عَنْ أَنَسٍ قَالَ قَدِمَ رَسُولُ اللَّهِ صَلَّى اللَّهُ عَلَيْهِ
وَسَلَّمَ الْمَدِينَةَ وَلِأَهْلِ الْمَدِينَةِ يَوْمَانِ يَلْعَبُونَ فِيهِمَا
فَقَالَ قَدِمْتُ عَلَيْكُمْ وَلَكُمْ يَوْمَانِ تَلْعَبُونَ فِيهِمَا فَإِنَّ
اللَّهَ قَدْ أَبْدَلَكُمْ يَوْمَيْنِ خَيْرًا مِنْهُمَا يَوْمَ الْفِطْرِ
وَيَوْمَ النَّحْرِ
Dari Anas berkata, ‘Rasululloh shallallohu’alaihi wa sallam memasuki Madinah, sedangkan penduduk Madinah memiliki dua
hari yang mereka gunakan untuk bermain-main padanya. Beliau berkata: “Aku
menjumpai kalian sedangkan kalian memiliki dua hari yang kalian gunakan untuk
bermain-main padanya, Maka sesungguhnya Alloh telah menggantikan bagi kalian
dua hari yang lebih baik dari keduanya yakni hari Raya Fithri dan Hari Raya
Sembelihan (Adha)”. [HR.
Ahmad 3/103,178,230, Abu Dawud 1134, An Nasa’I 3/179, dan Al Baghawi 1098].

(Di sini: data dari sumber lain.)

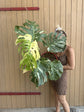 Monstera Thai Constellation XXL
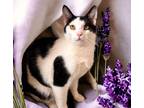 Adopt Maui a Domestic Short Hair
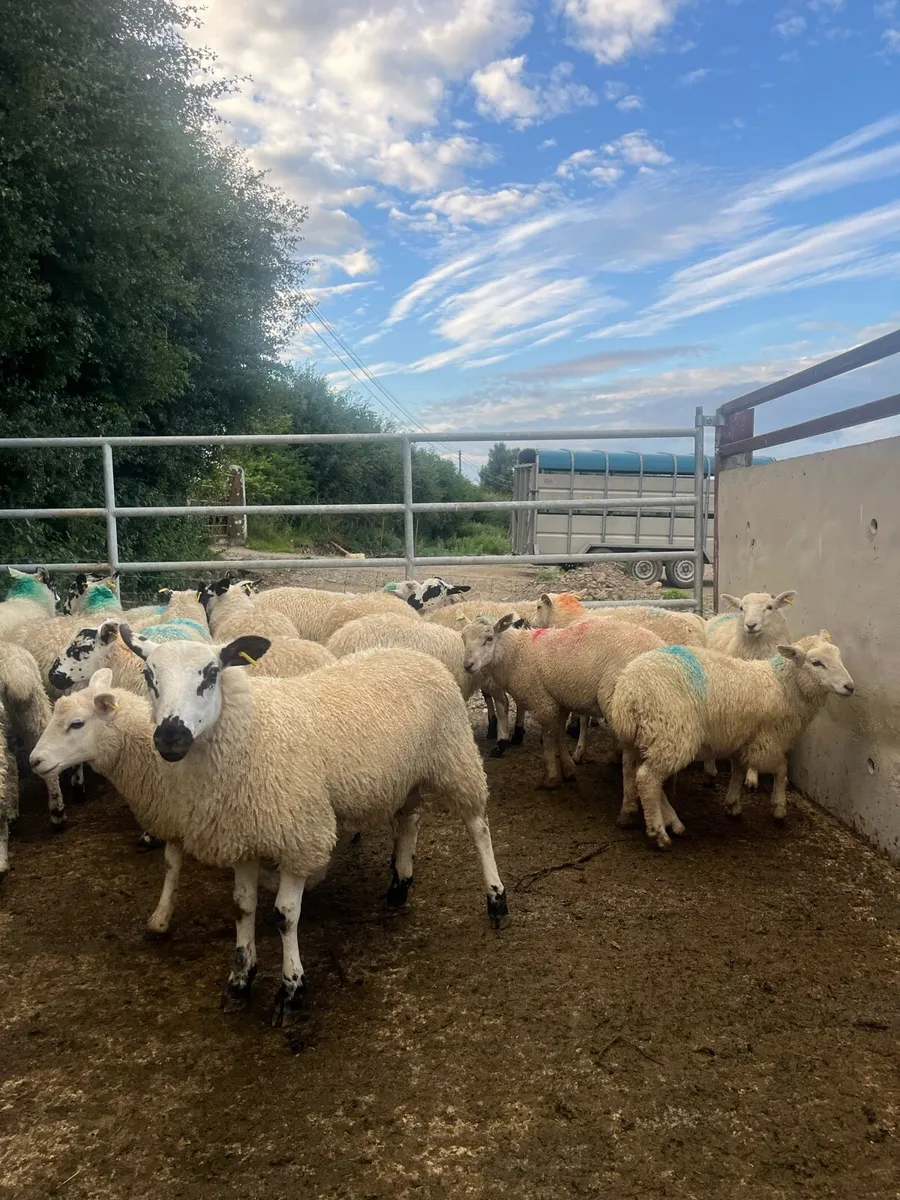 50 super store lambs for sale - Image 3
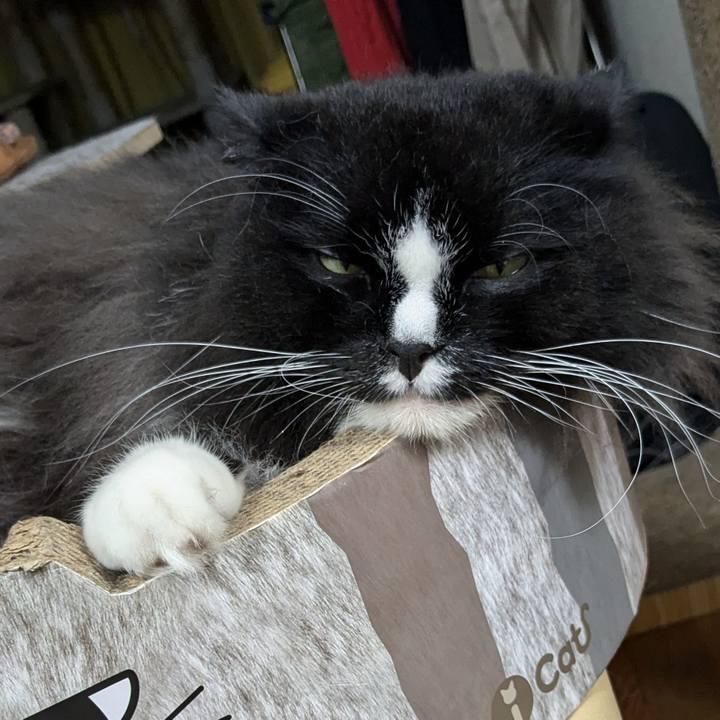 1b9885bd 8802 499f b681 7b27ea9c2d2e 1727170724113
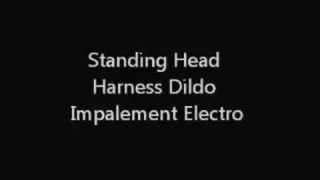 Standing Head Harness Sex Toy Impalement Electro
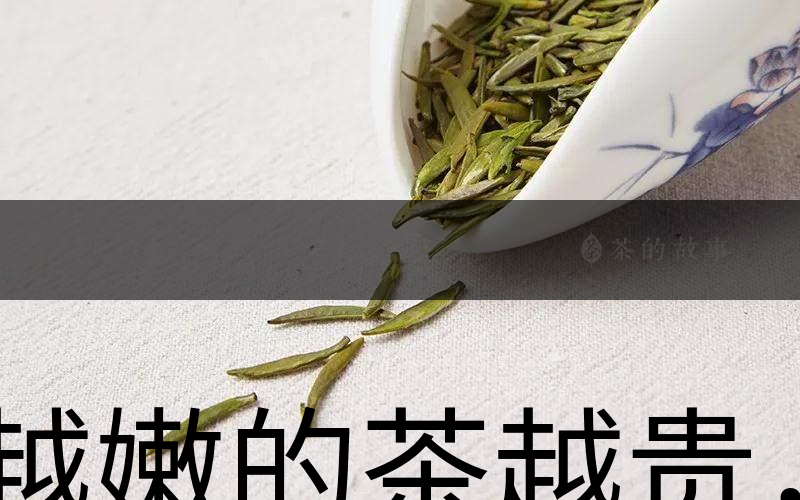 越嫩的茶越貴，但越貴的茶就越好嗎？-1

Bahkan dari hadits ‘Aisyah Radhiyallohu’anha pernah
menyebutkan dua orang gadis mendendangkan alunan suara dengan iringan rebana
pada hari Raya yang hal itu disaksikan langsung oleh Rasululloh shallallohu’alaihi wa sallam menunjukkan
bolehnya bagi kaum seperti mereka dan tidak selainnya dikarenakan hari Raya
adalah hari bersenang-senang, makan minum, dan bermain.
Ketika hal itu diingkari
oleh Abu Bakar, maka Rasululloh shallallohu’alaihi
wa sallam seraya menjelaskan; “wahai Abu Bakr,
sesungguhnya setiap kaum memiliki hari Raya, dan inilah Hari Raya kita”. [HR. Bukhori dan Muslim].
Adapun dendangan dan
lantunan lagu-lagu dengan kata-kata yang tidak pantas dan mengarah kepada cinta
dan maksiat serta menampakkan kemungkaran maka hal ini diharamkan. [Ahkamul
‘Iedain hal. 17 oleh Syaikh ‘Ali Hasan Al Halabi Al Atsari]
Bermain-main,
menampakkan kegembiraan, berkumpul
dan saling berkunjung kepada sesama kerabat dan teman hal ini asalnya
mubah (boleh).
Al Hafizh Ibnu Hajar berkata: “Dan di dalam hadits
ini (hadits ‘Aisyah) terdapat beberapa faidah diantaranya; disyariatkannya
berlapang dada kepada keluarga pada hari-hari Raya dengan berbagai macam hal
yang dapat mewujudkan hati yang lapang dan badan yang sehat dari ibadah itu.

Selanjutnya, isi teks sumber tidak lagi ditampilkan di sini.